Widerstand?

Man hört es leider immer wieder, und ich kriege es als Verteidiger auch häufig mit: Auf eine Anzeige gegen Polizistinnen oder Polizisten wegen Fehlverhaltens bei einem Einsatz wird seitens der Polizei mit einer Anzeige wegen Widerstands gegen Vollstreckungsbeamte reagiert oder eine solche Anzeige erfolgt quasi prophylaktisch direkt nach dem Einsatz.

Die taz berichtet von einem Fall, der doch sehr an einem strafbaren Widerstand zweifeln lässt. Auch das Amtsgericht Essen hatte mit der Schilderung seine Probleme, es sprach zwei Angeklagte frei.

Hintergrund der Anklage war, dass der farbige Bundeswehrsoldat Mathis C. mit seinem Freund Dennis K. in Essen in eine Polizeikontrolle geriet. Der kontrollierende Polizist soll die insgesamt drei Insassen des Autos gefragt haben, wo sie herkommen und wo sie hin wollen. Das folgende Geschehen ist auf einer Tonaufnahme zu hören, bei der unklar geblieben ist, wie diese zustande kam. Auf der Aufnahme hört man zunächst, wie sich Mathis C. über das Vorgehen der Polizei beschwert: „Nur weil der gefilmt hat, treten sie auf den ein. Gehören Sie einer Straßengang oder was?“ Zu diesem Zeitpunkt traten Polizisten auf Dennis K. ein, der zuvor versucht hatte, den Einsatz zu filmen.

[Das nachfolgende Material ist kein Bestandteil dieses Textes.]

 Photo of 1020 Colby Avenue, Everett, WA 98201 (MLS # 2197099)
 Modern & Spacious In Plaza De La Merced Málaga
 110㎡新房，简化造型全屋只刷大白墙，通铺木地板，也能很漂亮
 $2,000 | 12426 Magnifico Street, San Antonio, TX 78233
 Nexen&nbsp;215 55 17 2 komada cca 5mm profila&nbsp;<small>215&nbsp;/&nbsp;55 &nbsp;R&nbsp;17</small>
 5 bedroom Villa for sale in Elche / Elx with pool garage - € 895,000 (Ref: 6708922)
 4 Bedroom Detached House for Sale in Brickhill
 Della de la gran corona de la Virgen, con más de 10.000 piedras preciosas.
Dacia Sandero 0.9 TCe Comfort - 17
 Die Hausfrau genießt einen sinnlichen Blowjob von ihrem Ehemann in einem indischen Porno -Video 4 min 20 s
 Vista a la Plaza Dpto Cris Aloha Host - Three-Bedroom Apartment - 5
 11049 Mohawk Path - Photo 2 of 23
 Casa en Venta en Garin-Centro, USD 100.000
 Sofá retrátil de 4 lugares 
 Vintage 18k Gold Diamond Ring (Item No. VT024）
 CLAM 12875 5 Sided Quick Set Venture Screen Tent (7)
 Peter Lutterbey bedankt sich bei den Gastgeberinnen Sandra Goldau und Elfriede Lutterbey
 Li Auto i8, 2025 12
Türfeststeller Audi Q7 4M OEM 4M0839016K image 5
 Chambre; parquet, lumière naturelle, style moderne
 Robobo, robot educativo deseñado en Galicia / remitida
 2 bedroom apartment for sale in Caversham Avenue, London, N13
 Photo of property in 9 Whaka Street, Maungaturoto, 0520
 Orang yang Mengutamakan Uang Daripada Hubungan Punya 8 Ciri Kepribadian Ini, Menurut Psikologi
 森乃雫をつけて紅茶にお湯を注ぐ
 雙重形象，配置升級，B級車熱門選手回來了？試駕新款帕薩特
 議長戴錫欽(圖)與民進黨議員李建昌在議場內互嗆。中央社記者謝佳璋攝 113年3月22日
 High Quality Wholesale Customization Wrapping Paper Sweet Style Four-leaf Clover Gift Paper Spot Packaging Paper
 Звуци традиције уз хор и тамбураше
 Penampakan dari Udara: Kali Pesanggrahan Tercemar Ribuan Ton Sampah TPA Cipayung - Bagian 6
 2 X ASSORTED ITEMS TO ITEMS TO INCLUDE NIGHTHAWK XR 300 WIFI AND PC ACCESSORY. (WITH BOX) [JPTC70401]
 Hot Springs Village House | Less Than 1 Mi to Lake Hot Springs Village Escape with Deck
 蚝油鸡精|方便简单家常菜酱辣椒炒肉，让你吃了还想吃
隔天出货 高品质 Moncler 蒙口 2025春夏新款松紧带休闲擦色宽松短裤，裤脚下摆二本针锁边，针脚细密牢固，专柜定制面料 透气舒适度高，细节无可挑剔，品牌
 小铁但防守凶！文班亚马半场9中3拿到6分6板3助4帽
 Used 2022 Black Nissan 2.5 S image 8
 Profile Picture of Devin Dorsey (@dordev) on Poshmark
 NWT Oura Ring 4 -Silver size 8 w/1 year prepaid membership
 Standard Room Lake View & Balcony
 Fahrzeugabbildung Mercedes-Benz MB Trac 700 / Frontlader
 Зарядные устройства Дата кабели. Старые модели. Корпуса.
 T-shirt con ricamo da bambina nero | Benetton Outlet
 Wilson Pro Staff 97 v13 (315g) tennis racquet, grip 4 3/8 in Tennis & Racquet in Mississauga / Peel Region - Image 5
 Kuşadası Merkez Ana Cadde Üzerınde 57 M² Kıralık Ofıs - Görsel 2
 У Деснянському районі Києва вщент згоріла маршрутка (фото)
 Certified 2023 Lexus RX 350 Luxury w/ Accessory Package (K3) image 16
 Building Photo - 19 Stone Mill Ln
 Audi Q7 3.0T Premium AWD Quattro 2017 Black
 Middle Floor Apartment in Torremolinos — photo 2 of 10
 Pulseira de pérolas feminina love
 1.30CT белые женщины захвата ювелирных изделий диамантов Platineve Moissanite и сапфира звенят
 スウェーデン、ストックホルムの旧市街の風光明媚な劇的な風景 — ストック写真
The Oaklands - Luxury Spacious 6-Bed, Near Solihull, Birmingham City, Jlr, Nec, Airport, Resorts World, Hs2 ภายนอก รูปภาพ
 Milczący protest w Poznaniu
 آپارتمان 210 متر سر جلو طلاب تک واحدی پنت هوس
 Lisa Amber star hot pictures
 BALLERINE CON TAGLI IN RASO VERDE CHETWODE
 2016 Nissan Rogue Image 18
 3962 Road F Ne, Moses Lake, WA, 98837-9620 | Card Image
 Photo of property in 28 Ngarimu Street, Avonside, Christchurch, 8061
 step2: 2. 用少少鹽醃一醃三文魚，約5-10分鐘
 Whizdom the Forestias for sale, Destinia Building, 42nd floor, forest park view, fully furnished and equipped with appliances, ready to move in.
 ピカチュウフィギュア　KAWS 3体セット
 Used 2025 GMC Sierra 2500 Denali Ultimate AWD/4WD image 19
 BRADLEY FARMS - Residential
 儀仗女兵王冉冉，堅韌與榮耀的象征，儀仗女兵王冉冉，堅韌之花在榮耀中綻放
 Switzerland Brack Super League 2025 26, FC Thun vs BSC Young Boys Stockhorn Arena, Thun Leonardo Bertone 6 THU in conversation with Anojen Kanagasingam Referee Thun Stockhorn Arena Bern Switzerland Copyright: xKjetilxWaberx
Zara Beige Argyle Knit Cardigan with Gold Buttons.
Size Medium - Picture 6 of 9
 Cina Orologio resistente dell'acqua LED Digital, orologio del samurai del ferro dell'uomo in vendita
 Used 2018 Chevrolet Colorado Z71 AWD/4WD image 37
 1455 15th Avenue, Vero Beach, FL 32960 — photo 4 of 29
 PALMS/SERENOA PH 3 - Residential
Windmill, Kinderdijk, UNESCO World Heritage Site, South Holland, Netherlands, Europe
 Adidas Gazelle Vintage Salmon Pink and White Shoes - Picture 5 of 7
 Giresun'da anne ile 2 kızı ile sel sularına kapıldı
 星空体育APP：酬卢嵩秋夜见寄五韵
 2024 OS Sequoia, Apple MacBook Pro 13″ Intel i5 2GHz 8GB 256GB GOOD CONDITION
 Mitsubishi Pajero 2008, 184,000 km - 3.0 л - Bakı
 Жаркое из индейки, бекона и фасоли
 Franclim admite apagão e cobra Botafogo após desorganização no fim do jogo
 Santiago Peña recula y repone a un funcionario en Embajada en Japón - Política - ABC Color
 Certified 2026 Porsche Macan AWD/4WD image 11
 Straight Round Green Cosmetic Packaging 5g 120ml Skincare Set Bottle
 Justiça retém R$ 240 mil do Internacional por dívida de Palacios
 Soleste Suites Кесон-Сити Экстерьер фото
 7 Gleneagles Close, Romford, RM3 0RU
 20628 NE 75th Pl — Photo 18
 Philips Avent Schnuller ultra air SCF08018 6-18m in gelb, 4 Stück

Der Dienststellenleiter soll Dennis K. das Handy aus der Hand geschlagen und ihn zu Boden gebracht haben. Auf der Aufnahme hört man nun, wie einer der Polizisten zu Mathis C. sagt, er solle weggehen. Mathis C. war vor Aufregung auf und ab gelaufen. Der Polizist zog seinen Schlagstock, doch Mathis C. soll trotzdem „provoziert“ haben. Daraufhin soll der Polizist sein Pfefferspray gezückt haben, was sich aber aus der Aufnahme nicht direkt ergibt.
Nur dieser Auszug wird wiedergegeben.